From the data that follows, set down exactly the lines from the one with "TIESOME 3 PCS" through the one with "- Womens Clothes", counting both. Pictures stay out.

── DATASET EXCERPTS

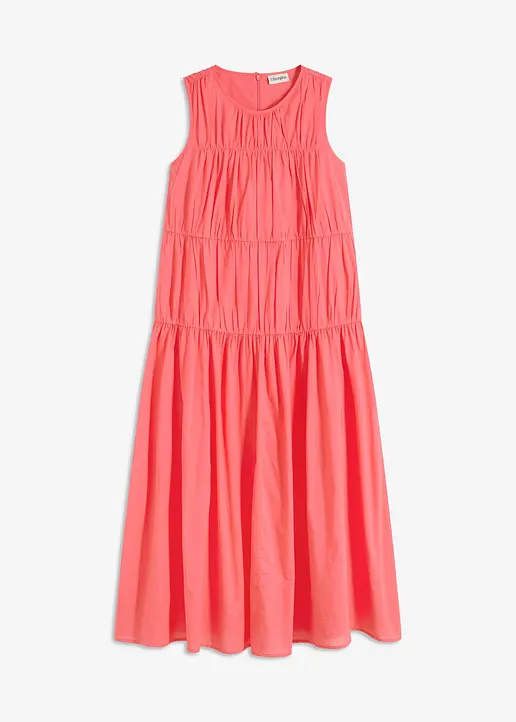 Maxikleid mit Raffungen aus Baumwolle in pink von vorne - bonprix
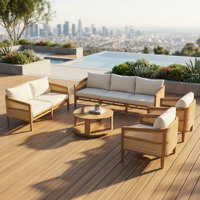 [Stock US] Ensemble de mobilier de patio en bois d'acacia 5 pièces, 5 places - Canapé, 2 fauteuils + une table basse, expédition domestique aux États-Unis, MOQ 1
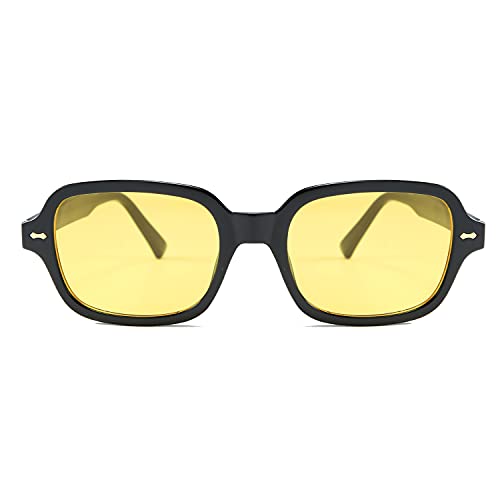 Osagama Retro Vintage Gafas De Sol Para Mujeres Hombres Moda Cuadrado Amarillo Claro Gafas De Sol De Moda Osagama Retro Vintage Gafas De Sol Para Mujeres Hombres Moda Cuadrado Amarillo Claro Gafas De Sol De Moda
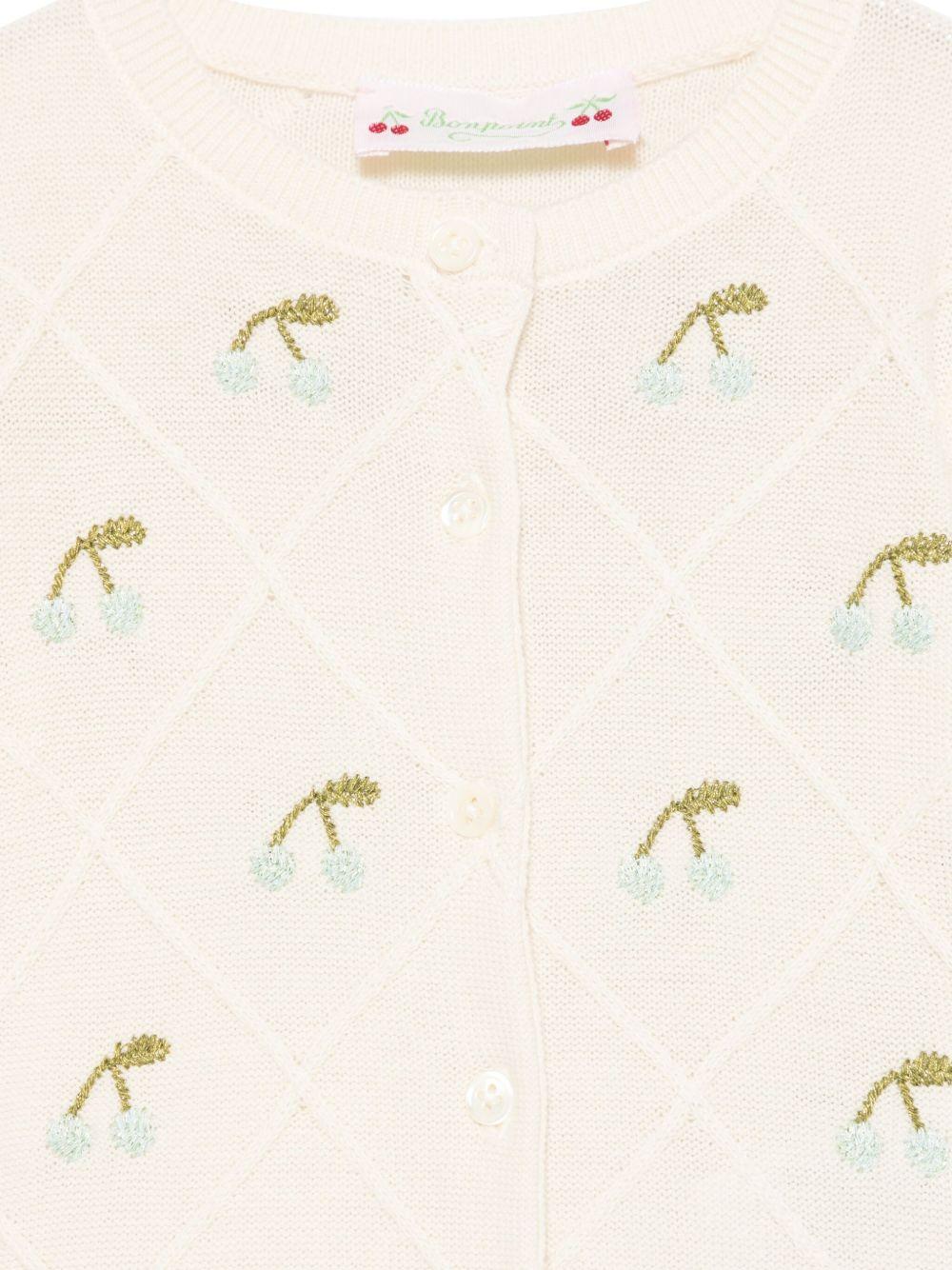 Cardigan Fayana per neonata Bonpoint beige con motivo con ricamo S05XCAK00009 104 BONPOINT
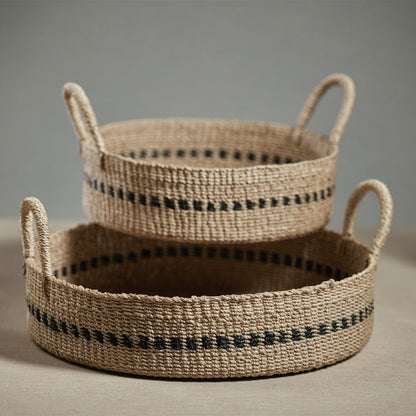 Set of 2 Abaca Basket Trays with Black Accent - Baskets by Carlyle Avenue
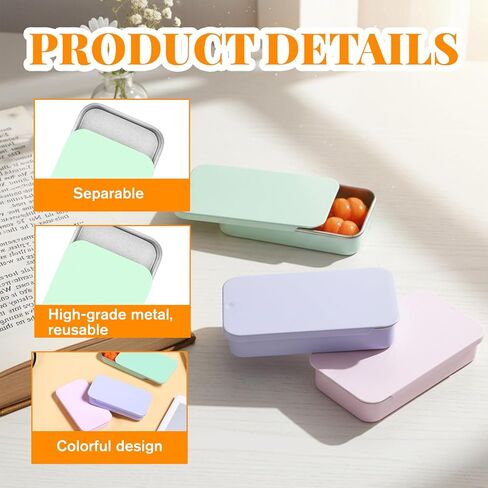 TIESOME 3 PCS Metal Tin Box Containers, 2.36 x1.33 x 0.4 Inch Small Metal Box Mini Rectangular Slide Top Containers Hinged Tin Boxes for Candies Jewelry Crafts Pills Survival Kit(Pink,Green,Purple) in Kuwait
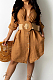 Khaki Fashion Casual Shirt Dress Does Not Contain The Belt BS1275-2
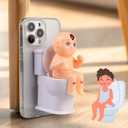 3D Funny Tricky Toilet Boy Phone Case Compatible with iPhone 15 Pro Max Case, TPU Shockproof Clear Spoof Boy Cartoon Phone Case, Perfect Spoof Gift for Her or Him Ideas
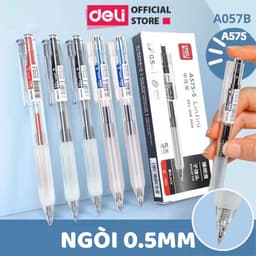 Thumbnail Bút Gel Bút Bi Nước Deli A057B Mực Màu Đen Xanh Đỏ Chính Hãng Bút Mực Gel Ngòi 0.5mm Học Sinh Sinh Viên 1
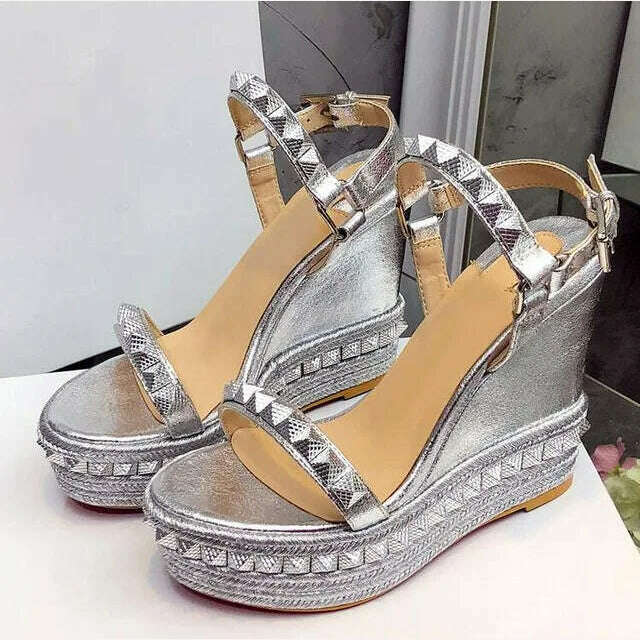 KIMLUD, New Designer Thick Platform Women High Heel Wedges Gladiator Sandals Women Wedge Heeled Rivet One Belt Sandalias Mujer, KIMLUD Womens ClothesKIMLUD, New Designer Thick Platform Women High Heel Wedges Gladiator Sandals Women Wedge Heeled Rivet One Belt Sandalias Mujer, as show 3 / 9.5, KIMLUD APPAREL - Womens Clothes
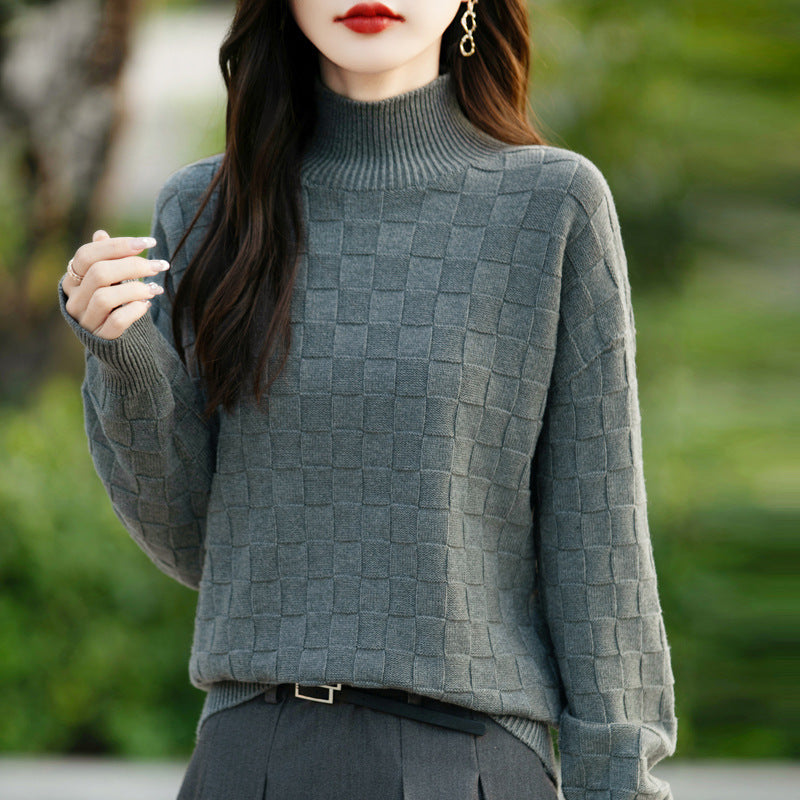 Women's Square Decorative Solid Color Long-sleeved Knitted Sweater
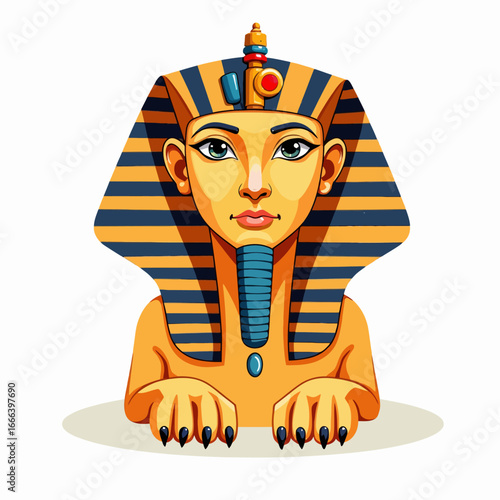 Illustrated Egyptian Pharaoh Bust with Traditional Headdress Featuring Stylized Stripes and Intricate Details in a Vibrant Colorful Digital Art Style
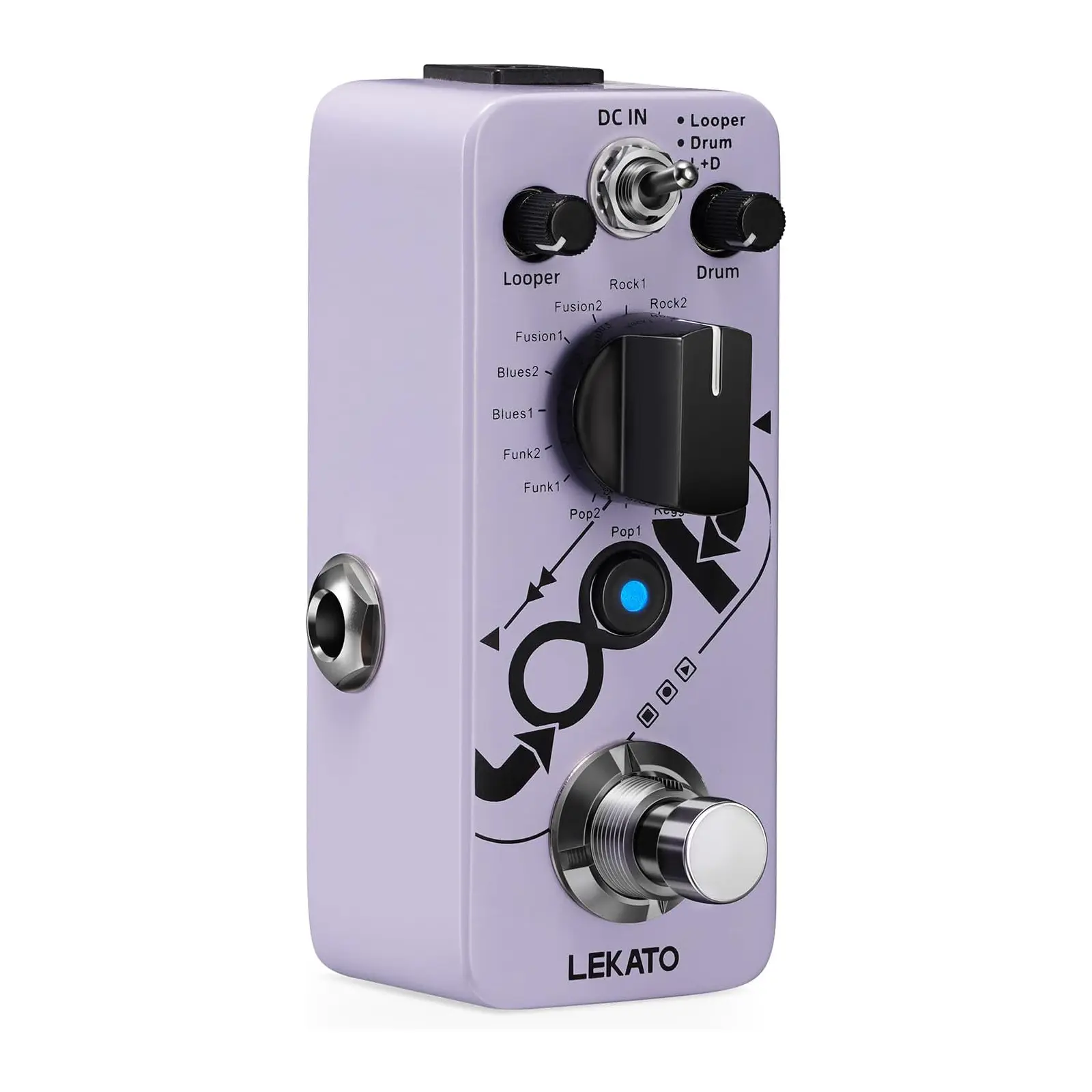 LEKATO Looper Guitar Effect Pedal, Loop Drum Machine with 20 Minutes Loop, 16 Different Drum Grooves, 3 Modes, Tap Tempo, Overdubs with the Micro Looper Drum Pedal, Mini Guitar Pedals for Electric Guitar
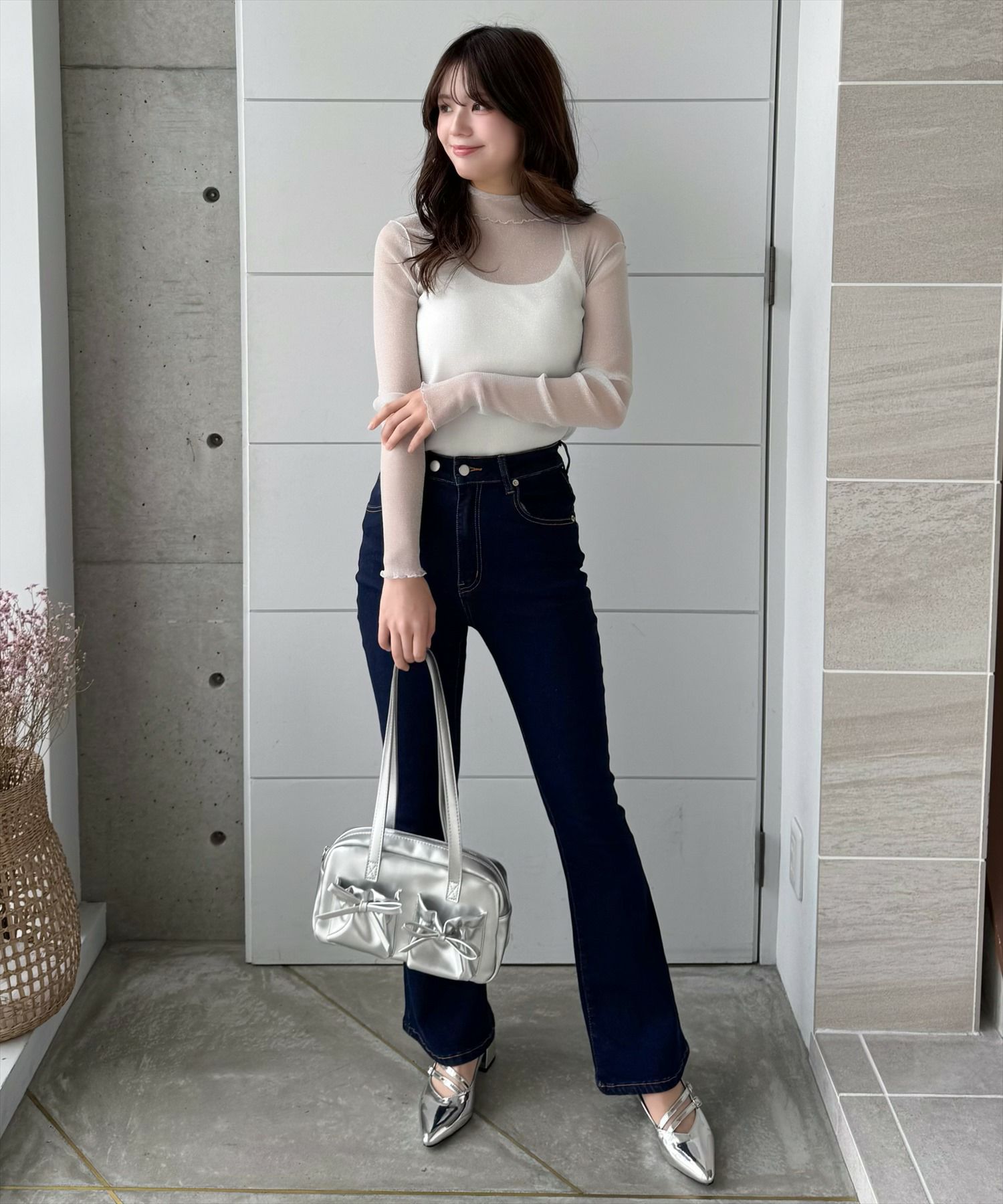 161cm/オフホワイト着用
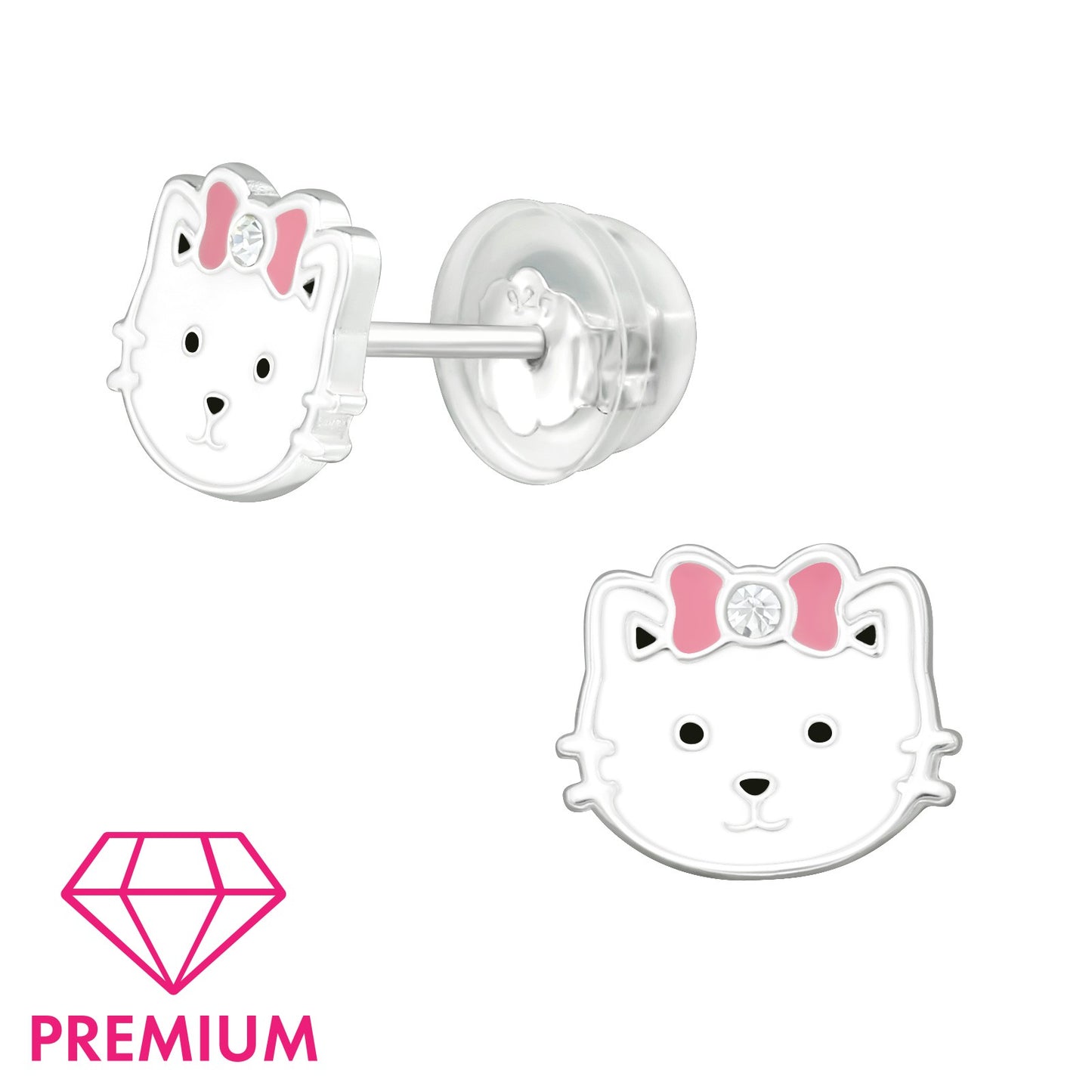 Children's Sterling Silver Cute Cat Stud Earrings - Melchior Jewellery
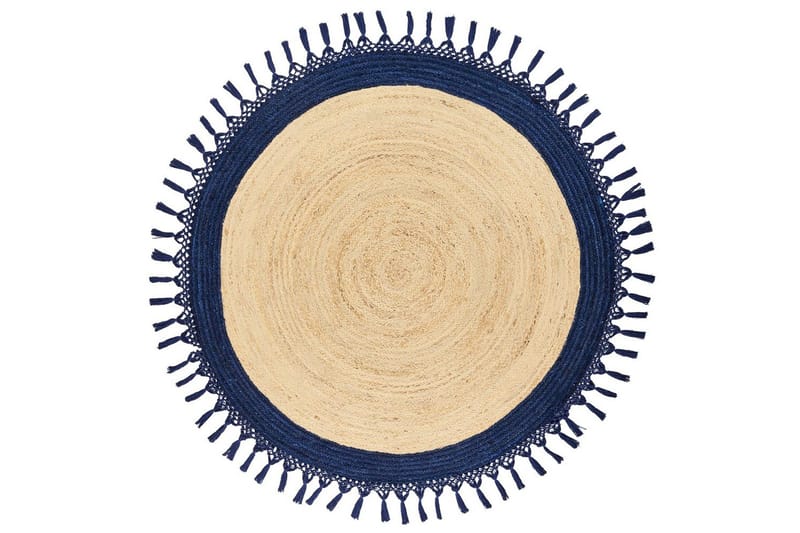 Flatvevd Marts, Beige, Blå, 140x140 cm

────

» ANSWER SECTION:
 TIESOME 3 PCS Metal Tin Box Containers, 2.36 x1.33 x 0.4 Inch Small Metal Box Mini Rectangular Slide Top Containers Hinged Tin Boxes for Candies Jewelry Crafts Pills Survival Kit(Pink,Green,Purple) in Kuwait
 Khaki Fashion Casual Shirt Dress Does Not Contain The Belt BS1275-2
 3D Funny Tricky Toilet Boy Phone Case Compatible with iPhone 15 Pro Max Case, TPU Shockproof Clear Spoof Boy Cartoon Phone Case, Perfect Spoof Gift for Her or Him Ideas
 Thumbnail Bút Gel Bút Bi Nước Deli A057B Mực Màu Đen Xanh Đỏ Chính Hãng Bút Mực Gel Ngòi 0.5mm Học Sinh Sinh Viên 1
 KIMLUD, New Designer Thick Platform Women High Heel Wedges Gladiator Sandals Women Wedge Heeled Rivet One Belt Sandalias Mujer, KIMLUD Womens ClothesKIMLUD, New Designer Thick Platform Women High Heel Wedges Gladiator Sandals Women Wedge Heeled Rivet One Belt Sandalias Mujer, as show 3 / 9.5, KIMLUD APPAREL - Womens Clothes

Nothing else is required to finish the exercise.